Court of Appeals of Ohio
Apr 26, 1935
51 Ohio App. 20 (Ohio Ct. App. 1935)

Opinion

Decided April 26, 1935.

Insurance — Fire — Standard mortgage clause — Mortgaged property transferred to mortgagee — No forfeiture of right to recover under policy, when.

Where a fire insurance policy covering a dwelling contains a standard mortgage clause in favor of the mortgagee, the transfer to the mortgagee of the mortgaged property is not such a change of ownership as will work a forfeiture of the right to recover under the policy for damage by fire.

ERROR: Court of Appeals for Clinton county.

Mr. N.P. Clyburn, Messrs. Barns Barns and Messrs. Dinsmore, Shohl Sawyer, for plaintiff in error. Mr. John Harlan and Mr. C. Luther Swaim, for defendants in error.


The parties stand in the same order here as they did in the trial court.

The case was a civil action for money and was tried to the court without the intervention of a jury. The action was brought by The Union Central Life Insurance Company against The Clinton Mutual Insurance Association, of Wilmington, Ohio, seeking to recover on a policy of fire insurance. On the issues joined the trial court found in favor of the defendant, The Clinton Mutual Insurance Association, and so rendered its judgment. From that judgment The Union Central Life Insurance Company prosecutes error to this court.

It appears from the record that on the 23rd day of March, 1924, Elijah Van Pelt, one of the defendants, was the owner of a certain dwelling house situated on his farm in Fayette county; that he took out an insurance policy in The Clinton Mutual Insurance Association of Wilmington, Ohio, on his dwelling house, above referred to, that he paid the premium, and that the insurance issued was against loss or damage by fire, etc., in the sum of $3,500. The policy was numbered 2267, and was to continue in force until it should be cancelled by the executive committee, or until surrendered by the said insured. Long prior thereto, to wit, on the 3rd day of March, 1921, Van Pelt executed and delivered to the plaintiff, The Union Central Life Insurance Company, a mortgage in the sum of $27,000 on the premises referred to, on which the dwelling house was located, and on which the defendant insurance association had issued the policy No. 2267. The mortgage was duly recorded and was in full force and effect on the 2nd day of April, 1932.

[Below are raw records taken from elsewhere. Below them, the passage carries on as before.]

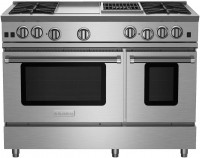 Photos - Cooker BlueStar 48 RNB RNB484GCBV2 stainless steel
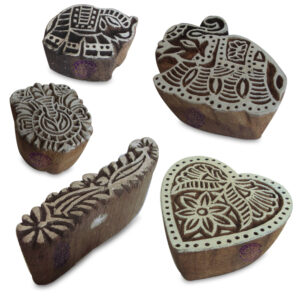 Animal Wooden Stamps - Set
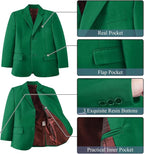Boy's Suit Formal Slim Fit 5 Pieces Suit Set Blazer Vest Pants - Image 3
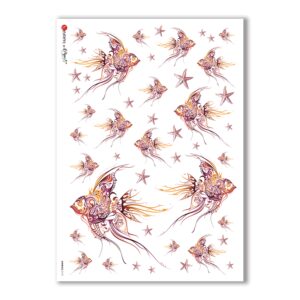 ANIMALS-0113. Carta di riso animali per decoupage.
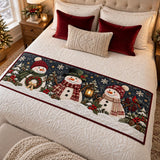 Snowman Lantern Runner | Quilted Bedding Set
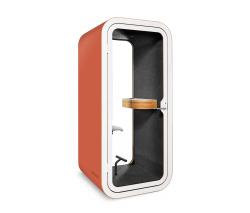 Изображение продукта Framery O orange and white - мобильная переговорная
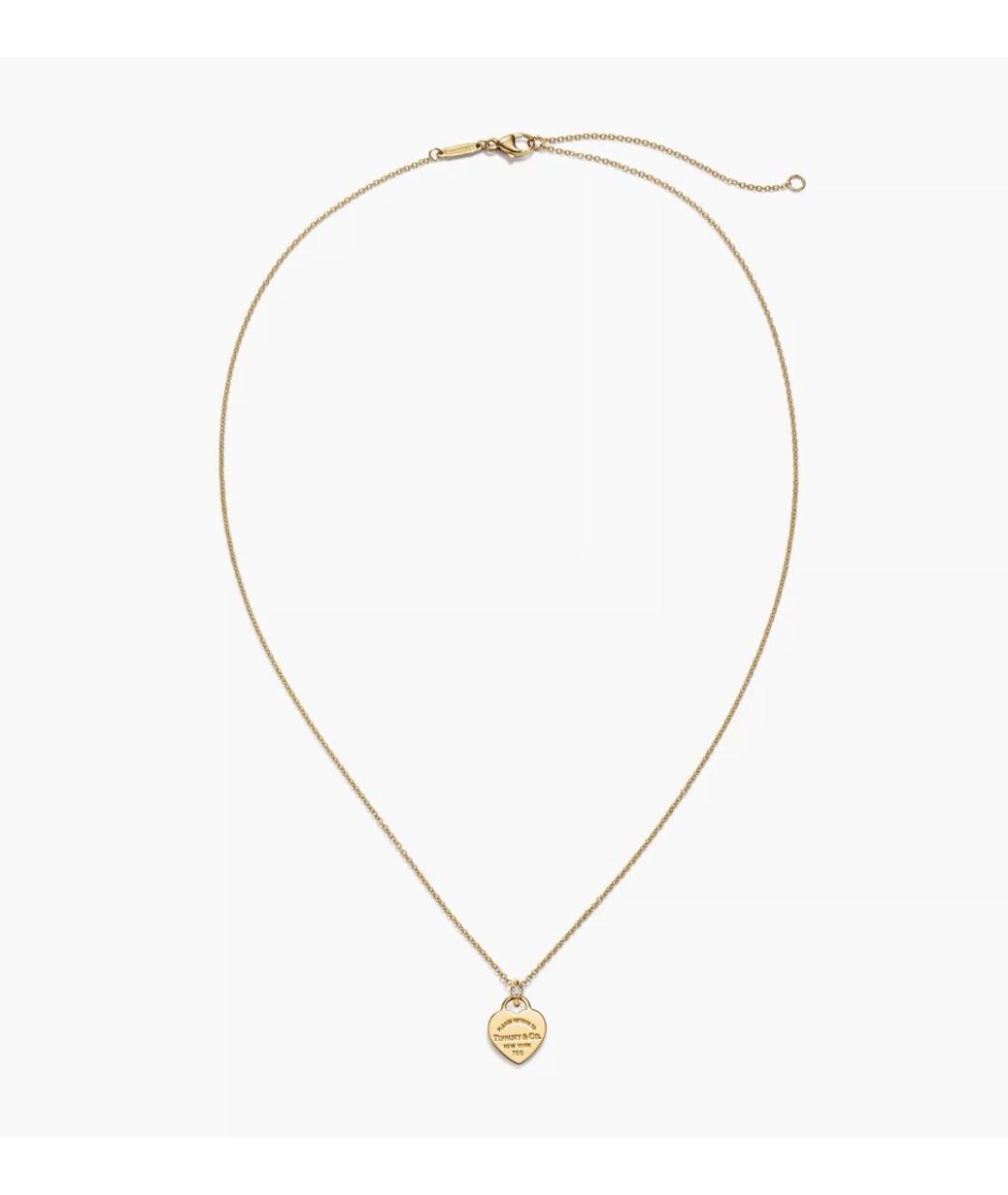 TIFFANY&CO Золотое колье из желтого золота, фото 4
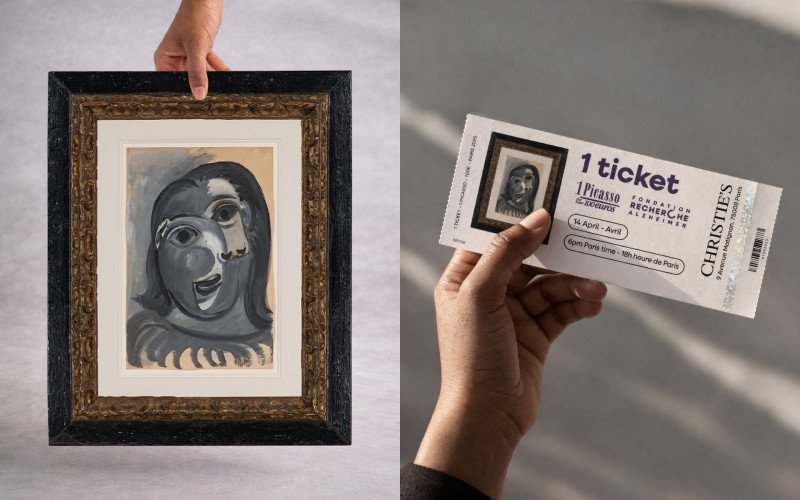 Edição de 2026 de 1 Picasso por 100 euros rifou quadro Cabeça de uma Mulher | abc+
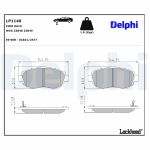 Bremsbelagsatz DELPHI LP1140, Vorne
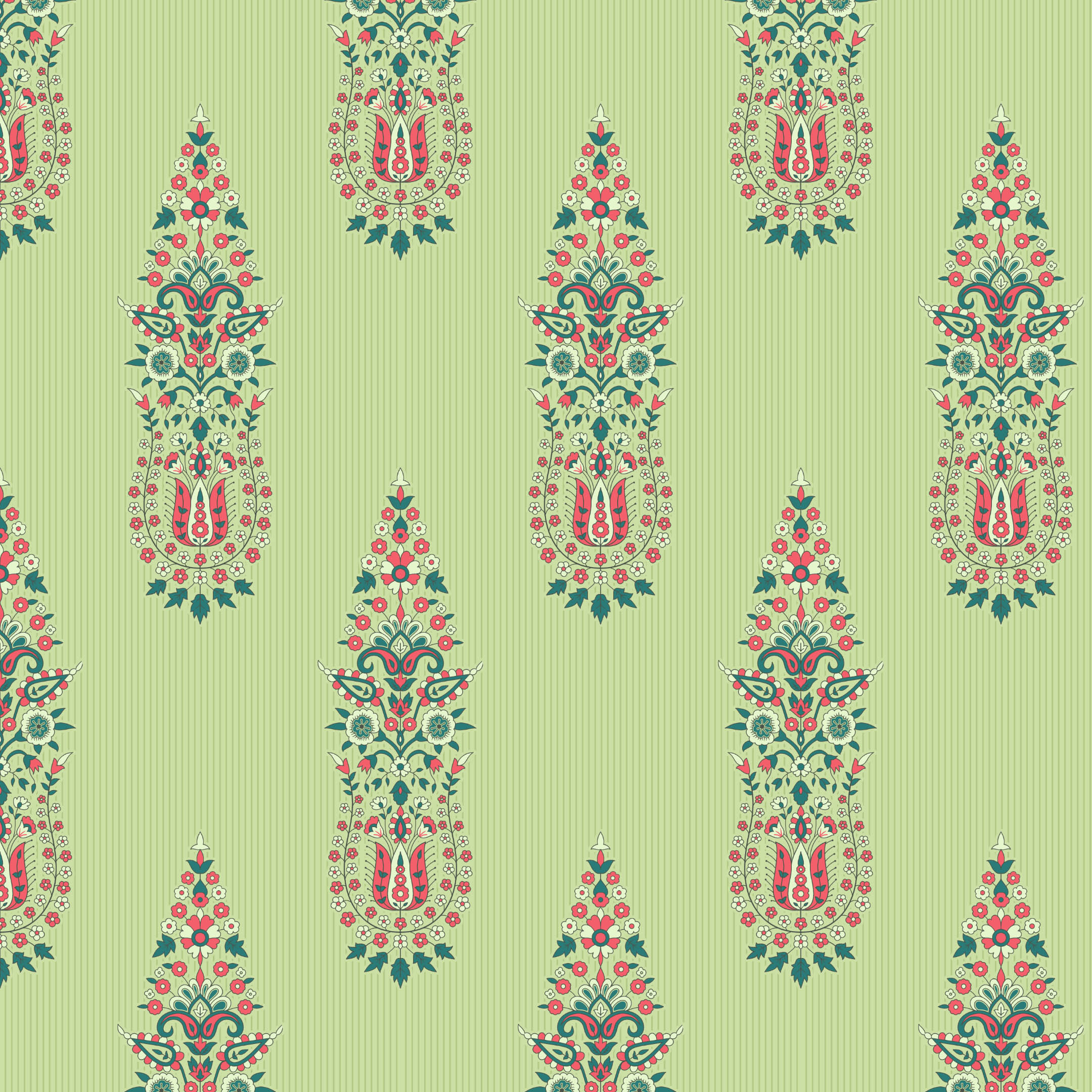 Vintage Maroon Stripe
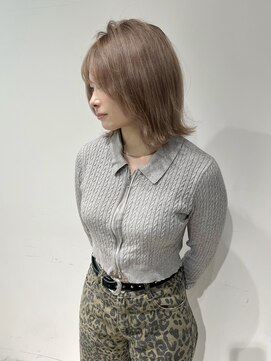 ラキング ギンザ トウキョウ(LAKING GINZA) イメチェン/ピンクベージュ/アンブレラカラー/前髪/銀座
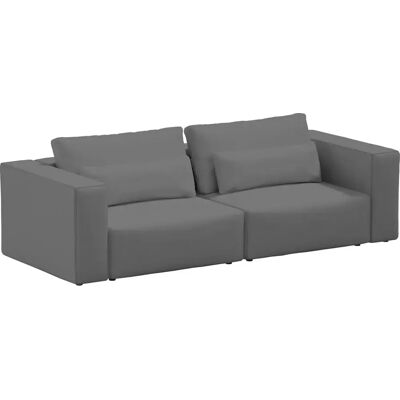 SITSIT - Riposo Grande - 2 places - polyester gris - Sofa - Publicité SITSIT - Riposo Grande - 2 places - polyester gris - Sofa - Publicité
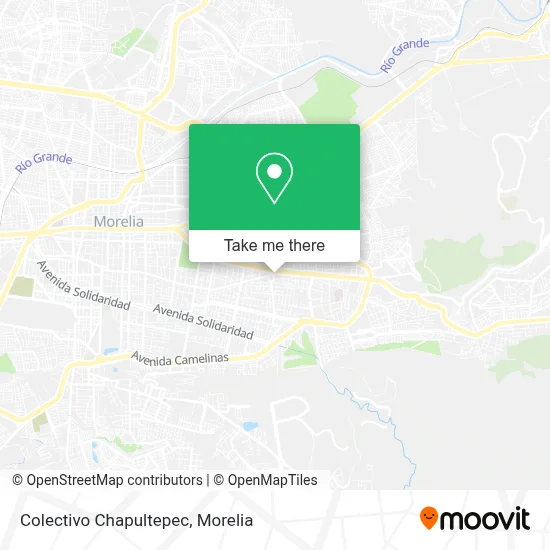 Colectivo Chapultepec map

Plaintiff alleged that on the 2nd day of April, 1932, the building described in the policy of insurance in question as the dwelling house was totally destroyed by fire; that the insurance at the time was in full force and effect and that immediately after the fire the insurance association was notified of the loss, but has paid no part thereof.

To the policy of insurance, No. 2267, herein referred to, a rider was attached and made a part thereof, which provided: "This policy is hereby made payable in case of loss to The Union Central Life Insurance Company of Cincinnati, Ohio, mortgagee, as its interest may appear."

Plaintiff seeks judgment for $3,500, the amount for which the property was insured. A copy of the policy with the rider attached is made a part of the petition and is attached thereto.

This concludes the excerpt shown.